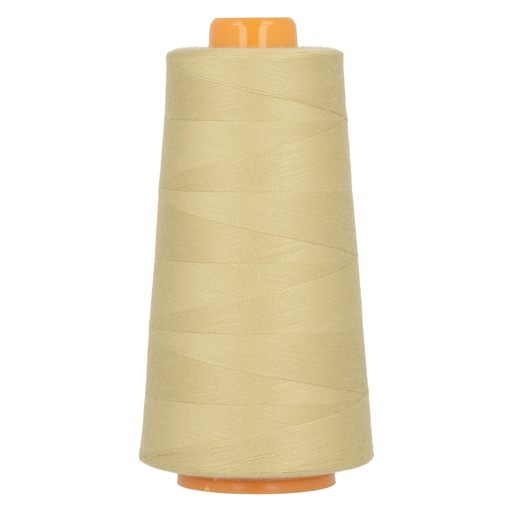 [M989-401 - beige-] Bobines de fil - 3000m | différentes couleurs | Surjet/Coverlock 401 - beige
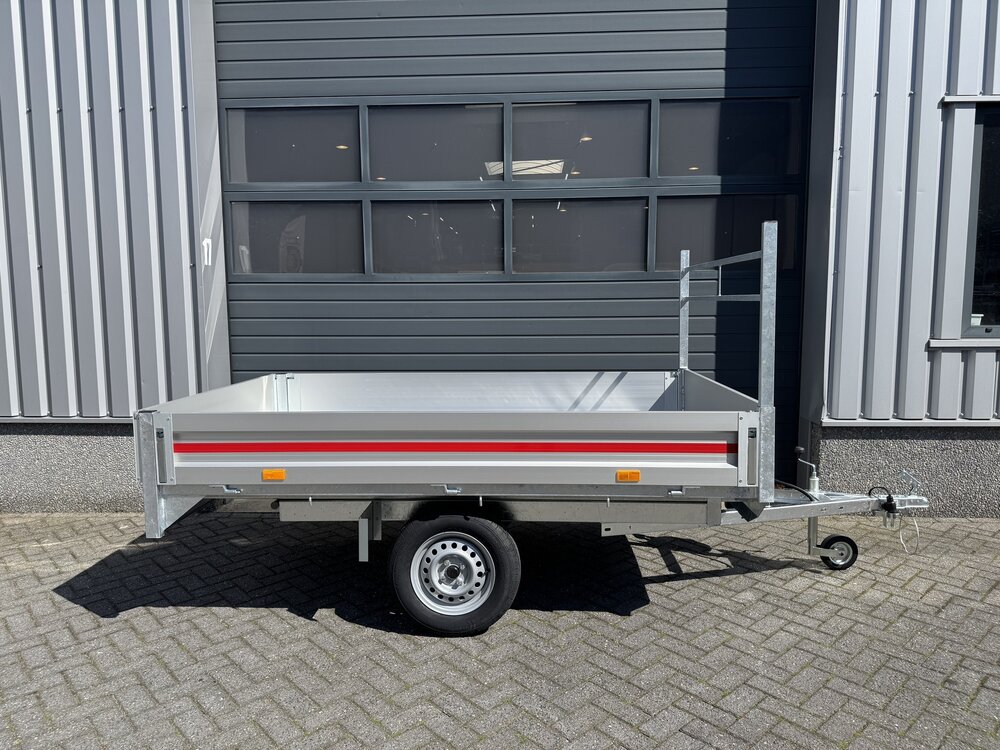 Kipper 260x150cm - 750kg - enkelas- ongeremd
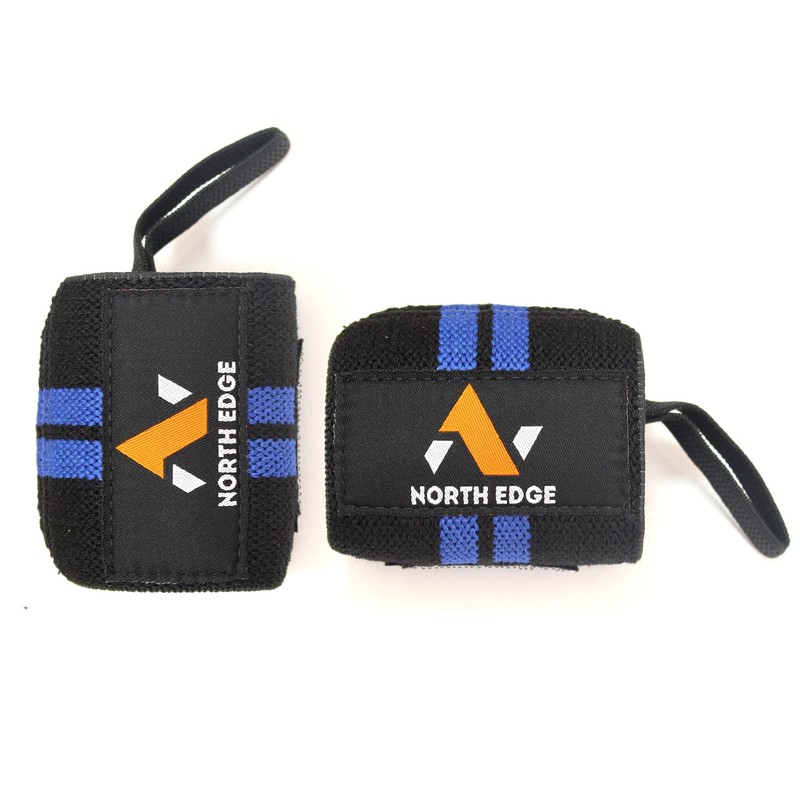 NORTH EDGE Wrist Wraps For Support, Elasticated Pro Cotton Straps,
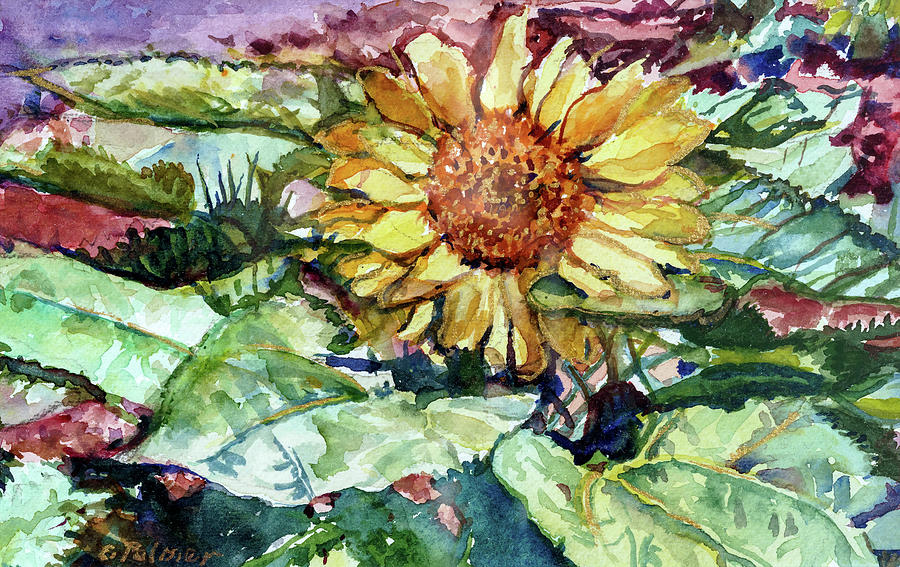 Sunflower Painting by Elizabeth Palmer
*-*-*
▶ **Task statement**:
Down to the final line, restate the material above word for word, but omit its pictures.

▶ **Written response**:
 [M989-401 - beige-] Bobines de fil - 3000m | différentes couleurs | Surjet/Coverlock 401 - beige
 Kipper 260x150cm - 750kg - enkelas- ongeremd
 NORTH EDGE Wrist Wraps For Support, Elasticated Pro Cotton Straps,
 Sunflower Painting by Elizabeth Palmer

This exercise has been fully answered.